►

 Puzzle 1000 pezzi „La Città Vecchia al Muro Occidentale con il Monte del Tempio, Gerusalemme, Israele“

◄
►

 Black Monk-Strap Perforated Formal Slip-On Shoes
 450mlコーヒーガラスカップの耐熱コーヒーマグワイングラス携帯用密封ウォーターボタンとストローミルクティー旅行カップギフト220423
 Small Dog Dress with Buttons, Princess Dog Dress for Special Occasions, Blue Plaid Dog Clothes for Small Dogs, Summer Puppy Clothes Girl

◄
►

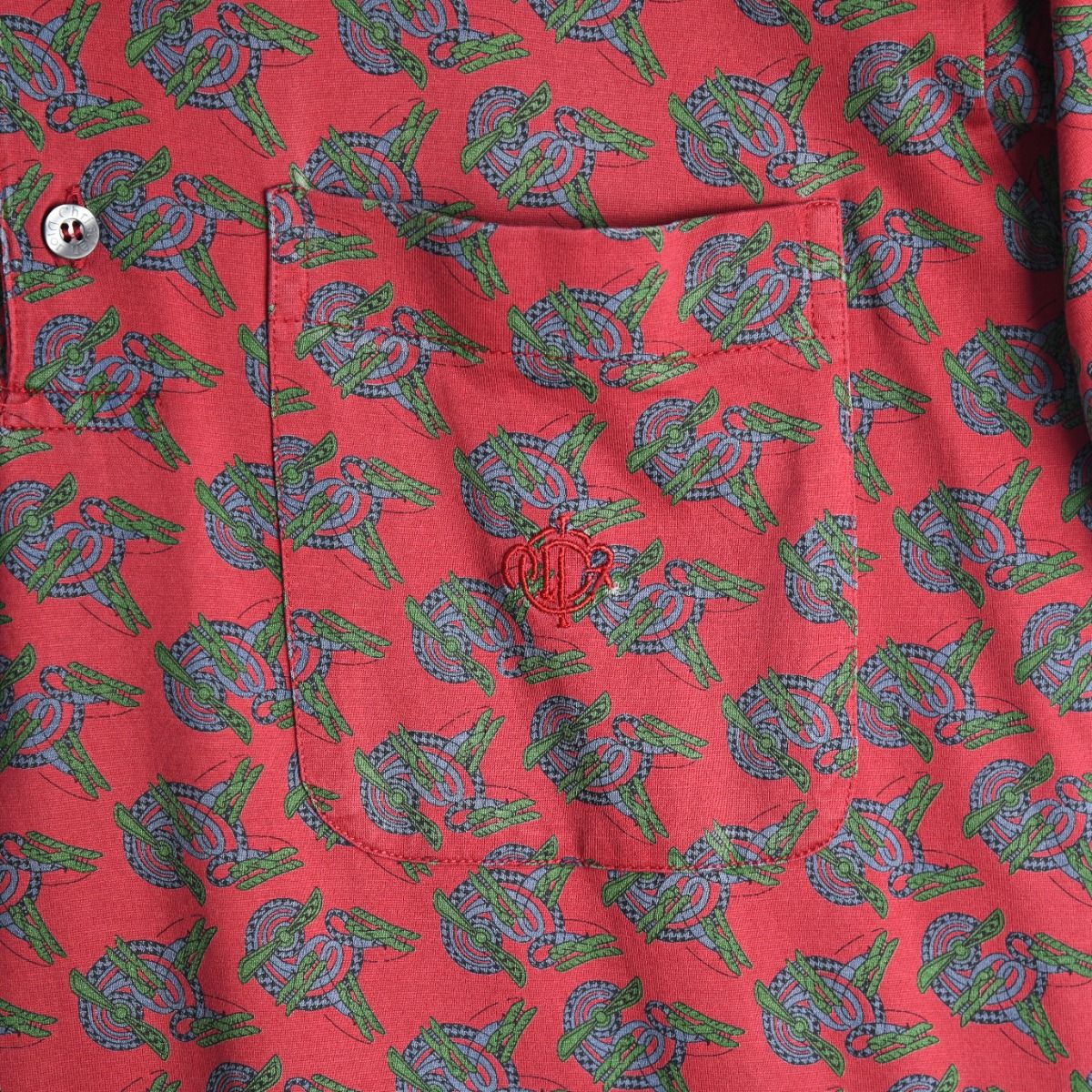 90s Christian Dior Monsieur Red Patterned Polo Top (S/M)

◄

• [To do]: What is asked for is an exact copy of the lines above from the one containing "Black Monk-Strap Perforated" through the one containing "Small Dog Dress", and only those.

• [Task solution]:
 Black Monk-Strap Perforated Formal Slip-On Shoes
 450mlコーヒーガラスカップの耐熱コーヒーマグワイングラス携帯用密封ウォーターボタンとストローミルクティー旅行カップギフト220423
 Small Dog Dress with Buttons, Princess Dog Dress for Special Occasions, Blue Plaid Dog Clothes for Small Dogs, Summer Puppy Clothes Girl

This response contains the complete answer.